On Wed, 3 Aug 2011, Francois Gouget wrote: [...]
I sort of modeled this after ipconfig's ipconfig_vprintfW() function. However that function has a WriteFile() fallback in case WriteConsole() fails. But I don't see what's the point of this or when using WriteFile() instead of WriteConsole() would work. So I'm hoping someone can enlighten me as I see no reason for these two tools to handle things so differently. But in any case I see this as being the subject of a separate patch so I think this one can go in.
So I think I figured that part out. If I write a simple test application that just does a WriteConsoleW() call and run it on Windows XP SP3, I get the following:
* foo.exe -> Works.
* foo.exe >foo.txt -> WriteConsoleW() fails, foo.txt is empty.
* foo.exe | more -> WriteConsoleW() fails, the message is lost.
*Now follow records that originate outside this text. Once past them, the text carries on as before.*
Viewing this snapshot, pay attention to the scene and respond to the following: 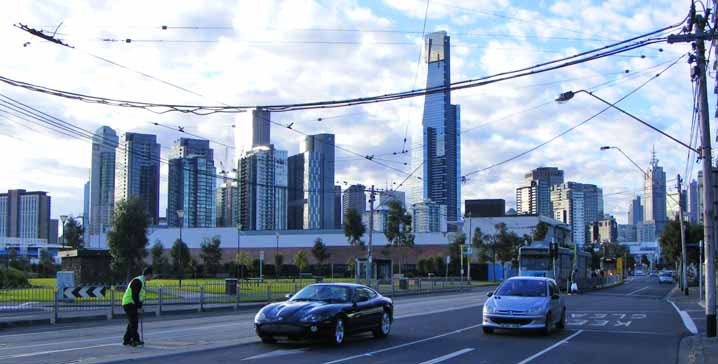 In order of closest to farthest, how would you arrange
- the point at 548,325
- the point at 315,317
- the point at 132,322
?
the point at 132,322
the point at 315,317
the point at 548,325

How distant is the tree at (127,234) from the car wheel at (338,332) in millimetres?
34130

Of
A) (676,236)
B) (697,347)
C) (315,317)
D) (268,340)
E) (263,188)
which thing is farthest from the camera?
(263,188)

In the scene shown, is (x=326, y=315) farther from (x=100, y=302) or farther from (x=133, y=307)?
(x=100, y=302)

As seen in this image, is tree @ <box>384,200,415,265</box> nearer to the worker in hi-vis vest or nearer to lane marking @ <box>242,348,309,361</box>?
the worker in hi-vis vest

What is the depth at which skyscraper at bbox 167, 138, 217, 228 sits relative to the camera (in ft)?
151

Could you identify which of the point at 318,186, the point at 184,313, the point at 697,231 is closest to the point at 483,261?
the point at 697,231

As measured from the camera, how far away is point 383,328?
1766cm

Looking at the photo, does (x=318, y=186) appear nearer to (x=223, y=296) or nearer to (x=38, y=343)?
(x=223, y=296)

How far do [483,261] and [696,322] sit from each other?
65.0 meters

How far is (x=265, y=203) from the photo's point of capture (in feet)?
290

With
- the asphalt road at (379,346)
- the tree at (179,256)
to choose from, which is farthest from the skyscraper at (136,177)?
the asphalt road at (379,346)

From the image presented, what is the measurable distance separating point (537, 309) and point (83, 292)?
637 inches

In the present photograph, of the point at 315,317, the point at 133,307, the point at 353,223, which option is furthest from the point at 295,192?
the point at 315,317

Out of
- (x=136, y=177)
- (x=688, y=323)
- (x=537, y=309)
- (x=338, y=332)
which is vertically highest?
(x=136, y=177) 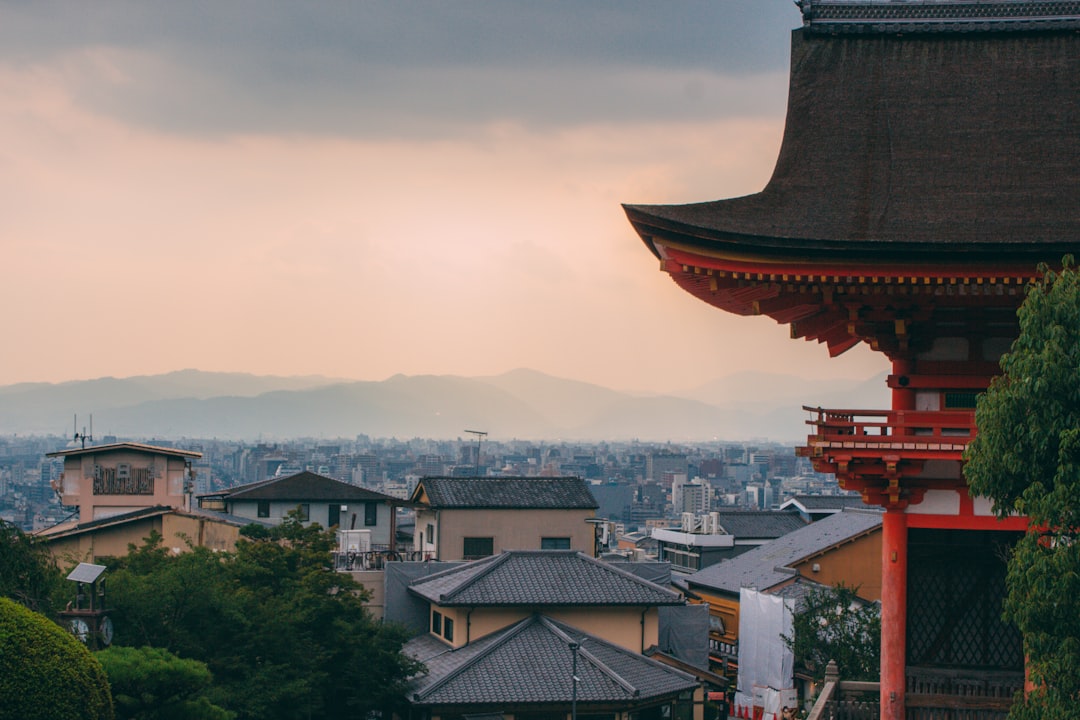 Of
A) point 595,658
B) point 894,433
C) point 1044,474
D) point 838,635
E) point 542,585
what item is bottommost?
point 595,658

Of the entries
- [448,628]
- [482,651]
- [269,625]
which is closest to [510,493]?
[448,628]

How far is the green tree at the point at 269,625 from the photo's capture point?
26906 mm

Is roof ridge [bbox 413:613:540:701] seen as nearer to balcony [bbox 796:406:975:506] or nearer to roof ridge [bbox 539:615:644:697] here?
roof ridge [bbox 539:615:644:697]

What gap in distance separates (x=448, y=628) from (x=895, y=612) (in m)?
24.4

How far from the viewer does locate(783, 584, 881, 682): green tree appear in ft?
118

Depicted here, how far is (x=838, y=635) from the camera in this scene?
1478 inches

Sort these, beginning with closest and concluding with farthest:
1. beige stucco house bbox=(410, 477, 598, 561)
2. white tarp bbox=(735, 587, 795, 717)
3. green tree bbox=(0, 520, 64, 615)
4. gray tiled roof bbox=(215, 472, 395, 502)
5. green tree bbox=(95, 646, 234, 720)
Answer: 1. green tree bbox=(0, 520, 64, 615)
2. green tree bbox=(95, 646, 234, 720)
3. white tarp bbox=(735, 587, 795, 717)
4. beige stucco house bbox=(410, 477, 598, 561)
5. gray tiled roof bbox=(215, 472, 395, 502)

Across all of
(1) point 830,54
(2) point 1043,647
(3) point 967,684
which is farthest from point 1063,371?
(1) point 830,54

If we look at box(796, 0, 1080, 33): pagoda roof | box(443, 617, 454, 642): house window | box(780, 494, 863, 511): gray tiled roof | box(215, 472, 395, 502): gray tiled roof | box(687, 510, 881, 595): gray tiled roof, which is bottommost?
box(443, 617, 454, 642): house window

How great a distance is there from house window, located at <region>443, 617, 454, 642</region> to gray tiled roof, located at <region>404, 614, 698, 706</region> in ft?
1.26

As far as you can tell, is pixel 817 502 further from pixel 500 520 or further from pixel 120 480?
pixel 120 480

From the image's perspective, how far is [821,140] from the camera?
14969 millimetres

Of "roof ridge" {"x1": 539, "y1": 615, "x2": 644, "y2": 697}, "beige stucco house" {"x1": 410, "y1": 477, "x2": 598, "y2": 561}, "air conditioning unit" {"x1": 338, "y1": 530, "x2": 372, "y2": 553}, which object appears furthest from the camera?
"air conditioning unit" {"x1": 338, "y1": 530, "x2": 372, "y2": 553}

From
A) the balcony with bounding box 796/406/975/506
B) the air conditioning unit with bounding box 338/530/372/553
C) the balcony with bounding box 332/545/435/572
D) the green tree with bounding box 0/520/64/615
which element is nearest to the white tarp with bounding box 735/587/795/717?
the balcony with bounding box 332/545/435/572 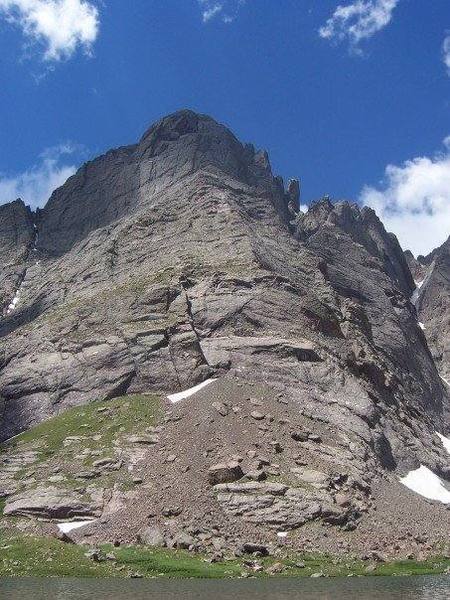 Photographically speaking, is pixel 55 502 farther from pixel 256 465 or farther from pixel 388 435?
pixel 388 435

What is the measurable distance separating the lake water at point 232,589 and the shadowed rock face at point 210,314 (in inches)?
1152

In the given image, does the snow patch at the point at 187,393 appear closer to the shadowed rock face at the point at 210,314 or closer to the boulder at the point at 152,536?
the shadowed rock face at the point at 210,314

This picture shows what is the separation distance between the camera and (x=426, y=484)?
66.8 metres

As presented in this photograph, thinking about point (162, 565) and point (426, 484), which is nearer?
point (162, 565)

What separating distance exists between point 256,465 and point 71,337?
153 ft

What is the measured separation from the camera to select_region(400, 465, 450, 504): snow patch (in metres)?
63.8

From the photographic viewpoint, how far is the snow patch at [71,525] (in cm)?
4708

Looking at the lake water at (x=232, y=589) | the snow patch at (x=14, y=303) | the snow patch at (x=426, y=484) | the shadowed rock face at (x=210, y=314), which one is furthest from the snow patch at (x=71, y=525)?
the snow patch at (x=14, y=303)

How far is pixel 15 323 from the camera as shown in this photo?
119 meters

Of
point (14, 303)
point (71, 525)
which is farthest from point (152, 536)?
point (14, 303)

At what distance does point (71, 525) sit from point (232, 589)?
22172 mm

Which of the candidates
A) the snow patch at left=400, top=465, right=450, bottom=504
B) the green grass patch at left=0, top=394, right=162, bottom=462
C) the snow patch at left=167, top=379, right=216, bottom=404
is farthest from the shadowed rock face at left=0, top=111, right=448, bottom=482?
the green grass patch at left=0, top=394, right=162, bottom=462

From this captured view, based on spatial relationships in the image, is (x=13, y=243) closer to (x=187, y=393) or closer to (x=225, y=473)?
(x=187, y=393)

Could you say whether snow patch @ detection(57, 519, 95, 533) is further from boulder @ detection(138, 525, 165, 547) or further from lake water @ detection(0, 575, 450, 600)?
lake water @ detection(0, 575, 450, 600) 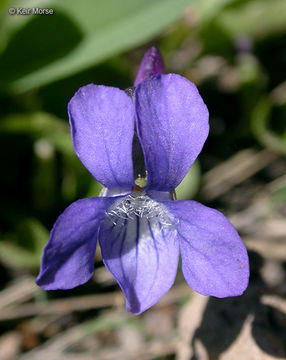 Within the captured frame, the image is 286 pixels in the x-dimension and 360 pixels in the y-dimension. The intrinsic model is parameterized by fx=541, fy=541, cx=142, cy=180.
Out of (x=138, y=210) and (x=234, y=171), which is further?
(x=234, y=171)

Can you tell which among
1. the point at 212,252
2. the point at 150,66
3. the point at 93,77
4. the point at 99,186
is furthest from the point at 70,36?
the point at 212,252

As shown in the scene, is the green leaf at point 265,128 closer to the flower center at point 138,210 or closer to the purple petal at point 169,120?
the flower center at point 138,210

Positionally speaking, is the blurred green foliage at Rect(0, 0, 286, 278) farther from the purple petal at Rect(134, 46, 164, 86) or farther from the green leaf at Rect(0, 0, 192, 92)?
the purple petal at Rect(134, 46, 164, 86)

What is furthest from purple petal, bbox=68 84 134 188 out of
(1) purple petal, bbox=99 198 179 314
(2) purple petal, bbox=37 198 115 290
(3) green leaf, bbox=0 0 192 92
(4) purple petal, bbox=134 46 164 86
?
(3) green leaf, bbox=0 0 192 92

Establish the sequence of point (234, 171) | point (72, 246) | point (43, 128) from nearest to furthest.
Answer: point (72, 246), point (43, 128), point (234, 171)

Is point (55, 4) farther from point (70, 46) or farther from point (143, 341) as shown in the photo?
point (143, 341)

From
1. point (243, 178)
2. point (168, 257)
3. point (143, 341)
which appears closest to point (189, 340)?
point (143, 341)

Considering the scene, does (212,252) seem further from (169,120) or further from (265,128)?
(265,128) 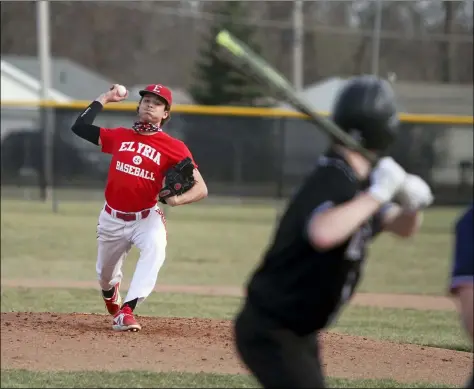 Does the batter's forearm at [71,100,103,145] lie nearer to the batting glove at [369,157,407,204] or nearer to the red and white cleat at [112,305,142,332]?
the red and white cleat at [112,305,142,332]

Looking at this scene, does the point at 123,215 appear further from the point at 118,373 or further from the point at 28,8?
the point at 28,8

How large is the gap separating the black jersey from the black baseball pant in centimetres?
4

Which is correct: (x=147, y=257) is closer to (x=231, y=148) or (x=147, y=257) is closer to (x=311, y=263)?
(x=311, y=263)

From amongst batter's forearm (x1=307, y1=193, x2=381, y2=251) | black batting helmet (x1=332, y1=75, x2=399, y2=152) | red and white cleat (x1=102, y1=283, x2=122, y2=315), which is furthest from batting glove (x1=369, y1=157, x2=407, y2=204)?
red and white cleat (x1=102, y1=283, x2=122, y2=315)

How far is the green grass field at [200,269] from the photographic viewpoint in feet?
18.9

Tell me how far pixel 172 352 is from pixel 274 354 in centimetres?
268

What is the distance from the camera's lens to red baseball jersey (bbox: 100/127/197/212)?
7.05 meters

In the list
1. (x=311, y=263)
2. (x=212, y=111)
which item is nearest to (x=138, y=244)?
(x=311, y=263)

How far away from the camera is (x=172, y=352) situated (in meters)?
6.23

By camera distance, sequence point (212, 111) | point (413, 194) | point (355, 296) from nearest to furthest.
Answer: point (413, 194) < point (355, 296) < point (212, 111)

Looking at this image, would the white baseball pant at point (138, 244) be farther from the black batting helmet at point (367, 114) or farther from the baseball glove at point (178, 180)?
the black batting helmet at point (367, 114)

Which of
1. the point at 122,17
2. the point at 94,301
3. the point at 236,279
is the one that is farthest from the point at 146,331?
the point at 122,17

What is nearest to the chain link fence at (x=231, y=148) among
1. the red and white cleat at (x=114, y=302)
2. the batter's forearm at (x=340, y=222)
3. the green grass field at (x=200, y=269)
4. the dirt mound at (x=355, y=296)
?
the green grass field at (x=200, y=269)

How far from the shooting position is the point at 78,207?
23281 millimetres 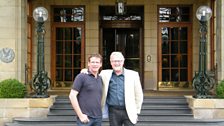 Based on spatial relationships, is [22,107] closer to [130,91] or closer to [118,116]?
[118,116]

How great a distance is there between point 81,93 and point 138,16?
9.70m

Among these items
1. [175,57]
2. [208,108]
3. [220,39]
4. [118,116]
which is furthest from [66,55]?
[118,116]

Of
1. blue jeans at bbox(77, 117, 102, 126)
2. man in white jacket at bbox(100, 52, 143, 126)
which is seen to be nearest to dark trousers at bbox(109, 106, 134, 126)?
man in white jacket at bbox(100, 52, 143, 126)

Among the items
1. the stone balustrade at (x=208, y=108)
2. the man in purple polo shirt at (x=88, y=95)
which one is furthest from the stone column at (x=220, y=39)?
the man in purple polo shirt at (x=88, y=95)

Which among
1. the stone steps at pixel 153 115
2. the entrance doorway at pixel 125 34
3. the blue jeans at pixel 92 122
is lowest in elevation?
the stone steps at pixel 153 115

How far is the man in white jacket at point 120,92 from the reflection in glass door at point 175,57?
28.7ft

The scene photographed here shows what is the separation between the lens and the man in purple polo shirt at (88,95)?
5.70 m

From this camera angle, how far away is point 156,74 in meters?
14.6

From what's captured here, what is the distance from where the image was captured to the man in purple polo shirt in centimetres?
→ 570

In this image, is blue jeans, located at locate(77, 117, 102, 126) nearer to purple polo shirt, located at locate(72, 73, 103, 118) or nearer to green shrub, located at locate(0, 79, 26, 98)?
purple polo shirt, located at locate(72, 73, 103, 118)

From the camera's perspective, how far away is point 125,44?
1530 centimetres

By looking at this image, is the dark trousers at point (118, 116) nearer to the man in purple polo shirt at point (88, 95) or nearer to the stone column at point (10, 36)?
the man in purple polo shirt at point (88, 95)

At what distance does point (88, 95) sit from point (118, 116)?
0.61m

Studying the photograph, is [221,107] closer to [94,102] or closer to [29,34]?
[94,102] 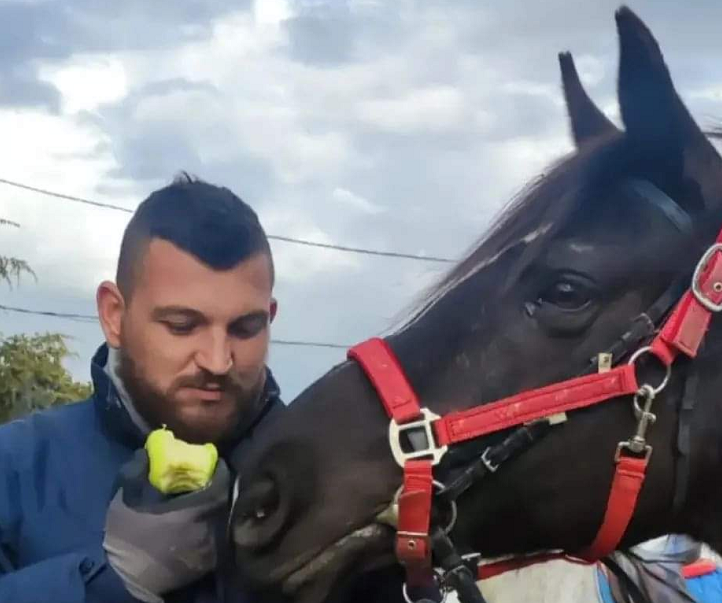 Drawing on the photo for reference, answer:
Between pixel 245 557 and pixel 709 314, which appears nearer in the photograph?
pixel 245 557

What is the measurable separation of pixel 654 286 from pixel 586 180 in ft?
1.01

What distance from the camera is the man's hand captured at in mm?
2275

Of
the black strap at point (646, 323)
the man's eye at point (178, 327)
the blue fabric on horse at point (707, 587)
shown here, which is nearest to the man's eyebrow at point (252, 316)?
the man's eye at point (178, 327)

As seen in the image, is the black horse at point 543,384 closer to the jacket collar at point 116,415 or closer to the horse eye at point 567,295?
the horse eye at point 567,295

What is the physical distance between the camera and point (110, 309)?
2770 mm

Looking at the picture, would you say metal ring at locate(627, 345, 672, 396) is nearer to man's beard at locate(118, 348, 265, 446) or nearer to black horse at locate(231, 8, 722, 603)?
black horse at locate(231, 8, 722, 603)

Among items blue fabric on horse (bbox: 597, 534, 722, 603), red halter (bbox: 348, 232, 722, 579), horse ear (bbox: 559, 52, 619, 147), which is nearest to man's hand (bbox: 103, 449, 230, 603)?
red halter (bbox: 348, 232, 722, 579)

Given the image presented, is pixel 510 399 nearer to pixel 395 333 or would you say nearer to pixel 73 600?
pixel 395 333

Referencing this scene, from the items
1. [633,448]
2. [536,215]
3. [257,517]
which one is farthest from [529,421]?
[257,517]

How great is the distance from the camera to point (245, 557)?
8.08ft

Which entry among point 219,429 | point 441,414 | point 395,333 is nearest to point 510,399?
point 441,414

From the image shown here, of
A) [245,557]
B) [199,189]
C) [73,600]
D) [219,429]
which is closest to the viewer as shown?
[73,600]

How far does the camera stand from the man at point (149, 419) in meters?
2.32

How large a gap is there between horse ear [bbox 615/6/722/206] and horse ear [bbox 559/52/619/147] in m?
0.42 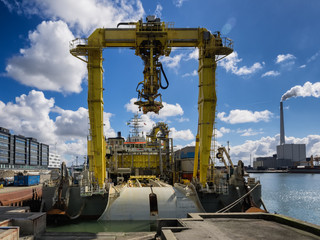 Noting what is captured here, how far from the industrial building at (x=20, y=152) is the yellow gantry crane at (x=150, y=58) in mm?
71339

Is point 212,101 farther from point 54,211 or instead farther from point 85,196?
point 54,211

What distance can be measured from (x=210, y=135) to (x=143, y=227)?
26.7ft

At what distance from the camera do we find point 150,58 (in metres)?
19.5

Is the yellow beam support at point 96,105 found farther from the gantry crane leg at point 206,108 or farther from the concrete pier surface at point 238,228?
the concrete pier surface at point 238,228

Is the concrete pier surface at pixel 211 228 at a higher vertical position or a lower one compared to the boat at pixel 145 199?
higher

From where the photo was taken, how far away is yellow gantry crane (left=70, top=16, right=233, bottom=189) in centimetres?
1914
So ipconfig must have been written so that it works on Windows even if its output is redirected. In Wine applications don't need to fall back to WriteFile() because that's already done by WriteConsoleW().
So the question is: Do we care if these applications don't work right on Windows if their output is redirected?
Or from a different point of view: Should these applications take advantage of this Wine-specific behavior or stick to the letter of the API?
(Similarly Wine's WriteConsole() will accept a NULL lpNumberOfCharsWritten parameter, not Windows (up to XP SP3 at least). So if we decide our apps are Wine-only, then we could get rid of these annoying 'count' variables.)